All’interno di questa prospettiva ricevono senso le singole storie, a partire da quelle delle grandi donne dell’Antica Alleanza, nella cui vita è rappresentato un popolo umiliato, sconfitto e deportato. Sono anche le stesse, però, che impersonano la speranza; sono “il resto santo”, segno che il progetto di Dio non rimane un’idea astratta, ma trova corrispondenza in una risposta pura, in una libertà che si dona senza nulla trattenere, in un sì che è accoglienza piena e dono perfetto. Maria ne è l’espressione più alta.
Su di lei, vergine, discende la potenza creatrice dello Spirito Santo, lo stesso che “in principio” aleggiava sull’abisso informe (Gen 1,1) e grazie al quale Dio chiamò l’essere dal nulla; lo Spirito che feconda e plasma la creazione. Aprendosi alla sua azione, Maria genera il Figlio, presenza del Dio che viene ad abitare la storia e la apre a un nuovo e definitivo inizio, che è possibilità per ogni uomo di rinascere dall’alto, di vivere nella volontà di Dio quindi di realizzarsi pienamente.
La fede, infatti, non è alienazione; sono altre le esperienze che inquinano la dignità dell’uomo e la qualità della convivenza sociale! In ogni stagione storica l’incontro con la parola sempre nuova del Vangelo è stato sorgente di civiltà, ha costruito ponti fra i popoli e ha arricchito il tessuto delle nostre città, esprimendosi nella cultura, nelle arti, non da ultimo nelle mille forme della carità” (Benedetto XVI,Discorso ai Vescovi italiani al termine della preghiera del Rosario, 26 maggio 2011).

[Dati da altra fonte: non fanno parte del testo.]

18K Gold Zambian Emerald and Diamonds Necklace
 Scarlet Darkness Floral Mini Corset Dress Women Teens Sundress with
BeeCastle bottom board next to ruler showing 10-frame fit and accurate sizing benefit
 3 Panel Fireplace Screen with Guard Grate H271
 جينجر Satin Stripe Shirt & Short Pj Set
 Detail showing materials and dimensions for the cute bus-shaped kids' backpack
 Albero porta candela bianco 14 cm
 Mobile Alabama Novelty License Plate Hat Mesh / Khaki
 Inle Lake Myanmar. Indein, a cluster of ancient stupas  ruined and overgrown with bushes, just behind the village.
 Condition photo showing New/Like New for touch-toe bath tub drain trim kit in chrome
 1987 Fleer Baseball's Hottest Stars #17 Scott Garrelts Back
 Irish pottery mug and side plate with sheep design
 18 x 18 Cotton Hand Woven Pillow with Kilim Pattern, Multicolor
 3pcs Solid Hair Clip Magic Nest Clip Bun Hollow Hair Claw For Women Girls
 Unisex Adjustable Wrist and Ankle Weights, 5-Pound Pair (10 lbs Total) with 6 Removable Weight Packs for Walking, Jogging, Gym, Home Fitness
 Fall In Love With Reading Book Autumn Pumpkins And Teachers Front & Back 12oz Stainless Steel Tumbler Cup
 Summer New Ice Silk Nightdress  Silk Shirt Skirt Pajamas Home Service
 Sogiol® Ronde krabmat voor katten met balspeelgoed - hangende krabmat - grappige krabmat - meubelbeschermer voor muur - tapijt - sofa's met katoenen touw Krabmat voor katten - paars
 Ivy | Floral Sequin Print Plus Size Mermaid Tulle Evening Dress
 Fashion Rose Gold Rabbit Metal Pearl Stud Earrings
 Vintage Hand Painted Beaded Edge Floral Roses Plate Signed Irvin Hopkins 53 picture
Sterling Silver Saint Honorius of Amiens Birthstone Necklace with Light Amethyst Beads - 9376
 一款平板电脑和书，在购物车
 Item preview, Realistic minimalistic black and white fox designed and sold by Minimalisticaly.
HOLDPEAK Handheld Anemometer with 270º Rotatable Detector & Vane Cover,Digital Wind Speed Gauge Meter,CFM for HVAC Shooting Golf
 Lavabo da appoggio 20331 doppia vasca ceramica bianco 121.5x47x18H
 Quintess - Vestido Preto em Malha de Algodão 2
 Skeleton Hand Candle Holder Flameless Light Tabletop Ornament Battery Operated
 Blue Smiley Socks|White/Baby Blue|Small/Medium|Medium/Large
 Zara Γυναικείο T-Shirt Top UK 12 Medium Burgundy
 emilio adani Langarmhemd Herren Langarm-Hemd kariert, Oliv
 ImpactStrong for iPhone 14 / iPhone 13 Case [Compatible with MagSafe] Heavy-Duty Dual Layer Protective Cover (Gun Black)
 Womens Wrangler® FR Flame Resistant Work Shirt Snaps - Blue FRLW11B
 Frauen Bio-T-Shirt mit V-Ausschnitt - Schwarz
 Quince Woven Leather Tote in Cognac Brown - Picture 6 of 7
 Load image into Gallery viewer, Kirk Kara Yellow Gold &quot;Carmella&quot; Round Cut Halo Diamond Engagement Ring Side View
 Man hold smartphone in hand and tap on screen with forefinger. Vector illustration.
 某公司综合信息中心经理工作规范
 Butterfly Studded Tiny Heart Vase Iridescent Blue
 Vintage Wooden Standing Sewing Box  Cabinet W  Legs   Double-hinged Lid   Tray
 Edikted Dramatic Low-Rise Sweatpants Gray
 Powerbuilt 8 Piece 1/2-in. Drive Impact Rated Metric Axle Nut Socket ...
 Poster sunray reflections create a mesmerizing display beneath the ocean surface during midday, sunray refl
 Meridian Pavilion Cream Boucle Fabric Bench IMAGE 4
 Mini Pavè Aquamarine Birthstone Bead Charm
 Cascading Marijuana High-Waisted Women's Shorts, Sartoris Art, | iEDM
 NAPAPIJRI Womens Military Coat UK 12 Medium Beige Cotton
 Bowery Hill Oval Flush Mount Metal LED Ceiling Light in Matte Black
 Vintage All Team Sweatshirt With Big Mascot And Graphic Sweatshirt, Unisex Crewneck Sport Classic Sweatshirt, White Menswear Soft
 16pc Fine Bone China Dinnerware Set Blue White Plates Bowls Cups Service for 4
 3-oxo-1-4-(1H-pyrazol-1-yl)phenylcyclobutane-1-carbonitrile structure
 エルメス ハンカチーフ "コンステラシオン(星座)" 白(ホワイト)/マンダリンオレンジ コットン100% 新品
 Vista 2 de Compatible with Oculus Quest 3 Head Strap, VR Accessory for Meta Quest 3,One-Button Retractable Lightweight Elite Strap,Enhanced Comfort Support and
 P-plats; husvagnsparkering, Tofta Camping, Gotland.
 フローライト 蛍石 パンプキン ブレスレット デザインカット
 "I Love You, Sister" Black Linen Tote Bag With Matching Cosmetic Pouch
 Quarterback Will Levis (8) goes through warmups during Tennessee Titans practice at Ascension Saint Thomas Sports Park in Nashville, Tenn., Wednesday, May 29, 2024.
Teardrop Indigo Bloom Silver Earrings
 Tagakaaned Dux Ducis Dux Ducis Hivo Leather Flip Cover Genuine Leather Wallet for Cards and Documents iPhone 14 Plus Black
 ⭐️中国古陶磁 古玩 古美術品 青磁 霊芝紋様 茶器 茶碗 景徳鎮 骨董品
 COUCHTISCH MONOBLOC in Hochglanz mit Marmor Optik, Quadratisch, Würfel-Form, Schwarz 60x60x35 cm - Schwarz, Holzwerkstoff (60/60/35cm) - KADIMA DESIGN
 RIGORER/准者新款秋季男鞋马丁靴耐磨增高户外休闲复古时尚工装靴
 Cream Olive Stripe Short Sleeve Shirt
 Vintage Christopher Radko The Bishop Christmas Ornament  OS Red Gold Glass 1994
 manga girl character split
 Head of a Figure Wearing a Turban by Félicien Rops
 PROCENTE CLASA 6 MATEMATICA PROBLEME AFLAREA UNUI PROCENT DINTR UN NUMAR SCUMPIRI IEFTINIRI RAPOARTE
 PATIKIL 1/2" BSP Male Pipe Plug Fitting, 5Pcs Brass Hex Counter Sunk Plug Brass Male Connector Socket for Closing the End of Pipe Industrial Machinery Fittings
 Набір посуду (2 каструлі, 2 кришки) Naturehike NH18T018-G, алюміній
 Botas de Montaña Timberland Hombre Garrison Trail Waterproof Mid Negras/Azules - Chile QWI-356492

Dalle apparizioni della Madonna fin dal 1830 lei ci ha richiamato il desiderio di Gesù, il desiderio di Dio stesso, il suo amore per gli uomini, per la creazione, un amore in attesa perché Dio, che è amore non costringe mai. E’ un amore che attende il momento dell’unione, l’amore che vuole attirare gli uomini a sé, per dare compimento con ciò anche al desiderio della stessa creazione: essa, infatti, è protesa verso la manifestazione dei figli di Dio (Rm 8,19). Con le apparizioni la Madonna ci ricorda, in rapporto alle varie circostanze storiche, che Gesù e quindi il Padre, ha desiderio di noi, ci attende. E noi con questo secolarismo culturale che nega ogni finalità trascendente abbiamo veramente chiaro l’originario desiderio di Lui? Si è oscurata in noi la spinta ad incontrarLo? Poiché Dio oggi rimane escluso dalla cultura e dalla vita pubblica, bramiamo la sua vicinanza, il diventare una cosa sola con Lui, di cui Egli ci fa dono nella santa Eucaristia? La Madre degli uomini si preoccupa di trovarli indifferenti a Dio, distratti, pieni di altro. D’altra parte dalle parabole di Gesù sui banchetti sappiamo che Egli conosce la realtà dei posti rimasti vuoti, la risposta negativa, il disinteresse per Lui e per la sua vicinanza. Eppure questa nostra cultura è contrassegnata da una profonda carenza, ma anche da un grande e inutilmente nascosto bisogno di speranza. E Maria, apparendo, sta incontrando. Sono ancora pochi ma per i molti.